The primary benefit of these social media platforms is immediacy: an online post can generate answers within minutes. But those answers won’t necessarily come from a specialist, and the advice isn’t vetted for accuracy.
Another issue is cost. Community health programs and FQHCs are often resource-thin and cash-strapped, so paying for an eConsult platform might be too much of a luxury.
In 2014, Dr. Laurie Green, a Harvard graduate and San Francisco-based obstetrician and gynecologist, launched the MAVEN (Medical Alumni Volunteer Expert Network) Project. Originally designed to retired and semi-retired doctors an avenue to continue offering their services at their own pace, the platform has now evolved to give FQHCs an affordable resource for eConsults and mentoring.
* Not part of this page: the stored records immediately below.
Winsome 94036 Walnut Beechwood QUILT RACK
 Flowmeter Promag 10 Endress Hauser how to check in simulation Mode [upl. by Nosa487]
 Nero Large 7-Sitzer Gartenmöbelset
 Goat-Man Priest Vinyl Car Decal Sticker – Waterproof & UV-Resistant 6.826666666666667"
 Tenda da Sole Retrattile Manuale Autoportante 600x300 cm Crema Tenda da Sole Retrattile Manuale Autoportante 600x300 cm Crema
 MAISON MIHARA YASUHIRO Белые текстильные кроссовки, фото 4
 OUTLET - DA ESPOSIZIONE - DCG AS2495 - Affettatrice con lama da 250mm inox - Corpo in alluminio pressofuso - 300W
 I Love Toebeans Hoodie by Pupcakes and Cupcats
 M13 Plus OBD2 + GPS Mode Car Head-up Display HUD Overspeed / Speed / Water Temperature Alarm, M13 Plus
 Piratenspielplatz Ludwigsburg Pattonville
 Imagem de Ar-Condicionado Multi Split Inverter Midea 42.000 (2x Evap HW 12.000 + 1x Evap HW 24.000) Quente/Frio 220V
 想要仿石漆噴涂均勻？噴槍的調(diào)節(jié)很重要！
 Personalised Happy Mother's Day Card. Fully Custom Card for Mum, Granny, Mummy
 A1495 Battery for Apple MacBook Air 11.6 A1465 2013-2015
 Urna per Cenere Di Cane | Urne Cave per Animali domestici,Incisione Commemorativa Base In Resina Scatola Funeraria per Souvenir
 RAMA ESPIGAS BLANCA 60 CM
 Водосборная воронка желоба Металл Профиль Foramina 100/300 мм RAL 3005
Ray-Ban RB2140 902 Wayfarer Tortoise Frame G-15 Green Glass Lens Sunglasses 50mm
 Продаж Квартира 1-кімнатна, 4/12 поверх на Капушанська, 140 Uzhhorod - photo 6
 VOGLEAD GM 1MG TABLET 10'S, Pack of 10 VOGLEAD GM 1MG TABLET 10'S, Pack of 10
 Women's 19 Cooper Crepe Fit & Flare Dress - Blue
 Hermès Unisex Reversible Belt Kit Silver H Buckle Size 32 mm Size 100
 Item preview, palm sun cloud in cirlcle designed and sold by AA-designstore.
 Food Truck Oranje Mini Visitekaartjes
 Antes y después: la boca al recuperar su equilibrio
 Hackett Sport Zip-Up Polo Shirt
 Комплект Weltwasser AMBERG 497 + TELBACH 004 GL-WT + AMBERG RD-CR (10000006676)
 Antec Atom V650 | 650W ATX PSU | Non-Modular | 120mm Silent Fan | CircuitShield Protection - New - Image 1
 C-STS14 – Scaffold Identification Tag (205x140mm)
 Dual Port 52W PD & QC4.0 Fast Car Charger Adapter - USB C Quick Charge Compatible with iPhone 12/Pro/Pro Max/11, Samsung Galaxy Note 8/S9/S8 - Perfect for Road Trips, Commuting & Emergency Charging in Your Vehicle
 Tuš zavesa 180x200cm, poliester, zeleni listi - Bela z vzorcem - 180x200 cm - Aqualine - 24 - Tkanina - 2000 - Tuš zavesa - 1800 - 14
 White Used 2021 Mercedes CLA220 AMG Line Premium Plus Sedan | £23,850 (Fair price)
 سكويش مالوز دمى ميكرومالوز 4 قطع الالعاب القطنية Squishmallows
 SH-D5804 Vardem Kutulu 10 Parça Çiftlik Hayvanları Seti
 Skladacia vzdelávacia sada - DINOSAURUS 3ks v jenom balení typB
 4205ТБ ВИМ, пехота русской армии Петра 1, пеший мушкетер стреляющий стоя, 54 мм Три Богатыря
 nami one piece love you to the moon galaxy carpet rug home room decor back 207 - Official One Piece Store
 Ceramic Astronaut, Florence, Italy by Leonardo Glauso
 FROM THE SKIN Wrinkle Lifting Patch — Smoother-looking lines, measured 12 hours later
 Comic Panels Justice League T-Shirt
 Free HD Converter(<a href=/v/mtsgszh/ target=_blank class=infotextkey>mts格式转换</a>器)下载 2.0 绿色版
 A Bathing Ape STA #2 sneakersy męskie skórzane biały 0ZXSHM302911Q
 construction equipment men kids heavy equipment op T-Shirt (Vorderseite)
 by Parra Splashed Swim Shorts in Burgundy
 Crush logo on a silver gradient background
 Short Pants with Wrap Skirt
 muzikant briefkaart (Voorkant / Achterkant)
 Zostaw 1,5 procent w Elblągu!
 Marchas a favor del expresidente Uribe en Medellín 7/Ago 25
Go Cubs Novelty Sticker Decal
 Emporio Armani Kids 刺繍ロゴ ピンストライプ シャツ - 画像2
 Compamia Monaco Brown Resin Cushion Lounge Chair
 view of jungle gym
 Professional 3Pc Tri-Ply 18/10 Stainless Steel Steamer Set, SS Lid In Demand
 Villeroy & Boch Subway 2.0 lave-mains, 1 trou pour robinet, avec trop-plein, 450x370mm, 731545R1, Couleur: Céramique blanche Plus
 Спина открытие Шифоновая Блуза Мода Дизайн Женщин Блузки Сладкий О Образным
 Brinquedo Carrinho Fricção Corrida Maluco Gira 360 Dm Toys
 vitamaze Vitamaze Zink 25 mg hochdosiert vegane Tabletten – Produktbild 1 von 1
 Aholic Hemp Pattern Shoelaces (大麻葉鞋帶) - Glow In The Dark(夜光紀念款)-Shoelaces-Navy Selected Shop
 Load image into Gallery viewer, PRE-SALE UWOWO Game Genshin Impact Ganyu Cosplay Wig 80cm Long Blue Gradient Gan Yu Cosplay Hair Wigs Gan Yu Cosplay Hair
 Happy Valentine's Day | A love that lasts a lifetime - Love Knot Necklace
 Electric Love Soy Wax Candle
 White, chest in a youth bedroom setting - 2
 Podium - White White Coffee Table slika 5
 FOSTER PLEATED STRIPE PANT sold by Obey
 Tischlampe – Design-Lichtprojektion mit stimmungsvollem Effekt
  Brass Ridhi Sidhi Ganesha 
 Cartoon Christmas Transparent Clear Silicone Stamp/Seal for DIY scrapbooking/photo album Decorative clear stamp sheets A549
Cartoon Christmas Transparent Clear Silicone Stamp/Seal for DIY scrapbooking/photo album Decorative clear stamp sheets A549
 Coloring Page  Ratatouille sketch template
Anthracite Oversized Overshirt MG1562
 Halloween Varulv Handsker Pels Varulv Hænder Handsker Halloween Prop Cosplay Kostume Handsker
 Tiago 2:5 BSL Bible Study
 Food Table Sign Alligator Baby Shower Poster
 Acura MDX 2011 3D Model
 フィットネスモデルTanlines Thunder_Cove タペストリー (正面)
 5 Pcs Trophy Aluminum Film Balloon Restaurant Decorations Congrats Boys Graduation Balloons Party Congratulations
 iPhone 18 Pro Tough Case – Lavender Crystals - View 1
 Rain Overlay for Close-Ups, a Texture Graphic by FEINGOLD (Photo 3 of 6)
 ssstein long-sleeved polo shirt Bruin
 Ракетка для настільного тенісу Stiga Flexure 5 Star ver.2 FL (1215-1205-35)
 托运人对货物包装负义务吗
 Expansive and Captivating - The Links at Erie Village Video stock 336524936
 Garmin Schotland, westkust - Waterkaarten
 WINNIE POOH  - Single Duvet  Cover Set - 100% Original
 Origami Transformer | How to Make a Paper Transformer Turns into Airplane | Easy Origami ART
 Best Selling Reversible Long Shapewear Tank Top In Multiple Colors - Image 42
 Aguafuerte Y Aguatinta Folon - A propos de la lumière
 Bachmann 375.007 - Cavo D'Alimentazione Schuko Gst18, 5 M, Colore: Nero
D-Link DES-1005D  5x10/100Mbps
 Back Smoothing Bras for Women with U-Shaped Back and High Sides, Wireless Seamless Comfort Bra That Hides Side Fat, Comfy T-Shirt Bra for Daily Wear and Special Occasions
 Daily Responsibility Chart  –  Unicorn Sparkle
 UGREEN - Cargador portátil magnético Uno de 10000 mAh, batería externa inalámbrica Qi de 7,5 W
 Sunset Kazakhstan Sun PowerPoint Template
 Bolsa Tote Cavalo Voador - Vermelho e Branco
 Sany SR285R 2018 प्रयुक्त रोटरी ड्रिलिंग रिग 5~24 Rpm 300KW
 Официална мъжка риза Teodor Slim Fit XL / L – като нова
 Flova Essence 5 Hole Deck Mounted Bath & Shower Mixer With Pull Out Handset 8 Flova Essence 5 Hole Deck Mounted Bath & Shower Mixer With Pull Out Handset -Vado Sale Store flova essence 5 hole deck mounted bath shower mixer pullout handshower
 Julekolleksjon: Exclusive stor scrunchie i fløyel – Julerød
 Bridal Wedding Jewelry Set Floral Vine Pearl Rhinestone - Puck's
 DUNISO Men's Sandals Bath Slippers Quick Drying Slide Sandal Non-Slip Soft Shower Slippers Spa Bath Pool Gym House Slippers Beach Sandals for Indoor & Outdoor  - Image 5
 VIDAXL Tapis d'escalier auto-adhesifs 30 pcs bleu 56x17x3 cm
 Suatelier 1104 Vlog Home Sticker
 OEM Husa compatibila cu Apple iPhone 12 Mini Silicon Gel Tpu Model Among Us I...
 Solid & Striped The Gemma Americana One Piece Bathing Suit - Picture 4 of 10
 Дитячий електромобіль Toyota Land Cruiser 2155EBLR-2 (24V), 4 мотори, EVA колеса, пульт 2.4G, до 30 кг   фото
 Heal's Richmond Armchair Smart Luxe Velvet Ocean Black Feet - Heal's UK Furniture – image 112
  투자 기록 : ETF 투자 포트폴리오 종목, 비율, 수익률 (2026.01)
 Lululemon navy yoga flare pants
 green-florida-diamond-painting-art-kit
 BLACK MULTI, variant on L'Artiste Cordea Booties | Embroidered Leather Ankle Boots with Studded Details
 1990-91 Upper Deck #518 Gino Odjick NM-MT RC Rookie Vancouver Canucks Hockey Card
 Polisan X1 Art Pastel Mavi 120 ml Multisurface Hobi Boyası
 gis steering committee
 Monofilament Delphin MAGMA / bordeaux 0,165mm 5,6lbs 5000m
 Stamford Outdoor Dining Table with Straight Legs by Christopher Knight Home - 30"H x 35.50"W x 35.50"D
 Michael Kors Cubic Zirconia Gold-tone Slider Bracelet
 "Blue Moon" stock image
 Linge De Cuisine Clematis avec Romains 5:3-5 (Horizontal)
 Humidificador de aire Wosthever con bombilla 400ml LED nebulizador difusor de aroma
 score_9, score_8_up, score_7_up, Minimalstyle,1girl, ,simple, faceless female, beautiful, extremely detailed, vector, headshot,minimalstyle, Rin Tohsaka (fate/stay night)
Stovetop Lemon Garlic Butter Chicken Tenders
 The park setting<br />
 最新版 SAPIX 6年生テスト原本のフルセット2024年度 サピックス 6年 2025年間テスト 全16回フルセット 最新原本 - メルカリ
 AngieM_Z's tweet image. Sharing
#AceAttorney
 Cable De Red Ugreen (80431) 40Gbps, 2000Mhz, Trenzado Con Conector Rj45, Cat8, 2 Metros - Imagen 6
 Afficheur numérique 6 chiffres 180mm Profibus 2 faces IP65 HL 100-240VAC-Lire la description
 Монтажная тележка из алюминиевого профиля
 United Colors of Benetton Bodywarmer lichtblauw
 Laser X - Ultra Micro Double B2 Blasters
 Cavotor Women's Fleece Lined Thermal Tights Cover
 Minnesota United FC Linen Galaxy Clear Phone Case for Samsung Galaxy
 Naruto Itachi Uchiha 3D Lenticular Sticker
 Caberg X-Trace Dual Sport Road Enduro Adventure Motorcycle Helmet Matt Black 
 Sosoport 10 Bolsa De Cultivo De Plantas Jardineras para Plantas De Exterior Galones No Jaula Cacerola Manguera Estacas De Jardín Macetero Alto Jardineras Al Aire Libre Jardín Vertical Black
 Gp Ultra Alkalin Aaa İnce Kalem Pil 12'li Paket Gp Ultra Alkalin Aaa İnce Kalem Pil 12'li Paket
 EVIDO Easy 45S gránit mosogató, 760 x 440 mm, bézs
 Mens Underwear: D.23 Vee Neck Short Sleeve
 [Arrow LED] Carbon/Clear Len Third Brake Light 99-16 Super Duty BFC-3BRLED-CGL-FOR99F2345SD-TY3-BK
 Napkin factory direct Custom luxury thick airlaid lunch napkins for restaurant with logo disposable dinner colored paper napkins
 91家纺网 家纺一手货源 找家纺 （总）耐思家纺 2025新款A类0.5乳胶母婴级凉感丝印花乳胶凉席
“We’re here to give these providers support that’s really needed,” Lisa Bard Levine, MD, MBA, the organization’s CEO, told mHealthIntelligence. “A lot of these primary care providers are newly trained, or working for clinics that struggle to provide necessary support for their physicians. A lot of them are realizing that this is a gray area in healthcare.”
At the end of the day, whether it’s to help out a beleaguered community health clinic or to answer a primary care doctor’s nagging concern about a patient, eConsult services are helping to improve care management and coordination for a wide range of providers.
They help to prove several tenets of telemedicine – that an effective connected care platform can bring the right providers with the right skills to the right patient at the right time, improving the care process and leading to better outcomes. They also allow the provider to reach out beyond the constraints of the office or clinic and offer help where it’s most needed.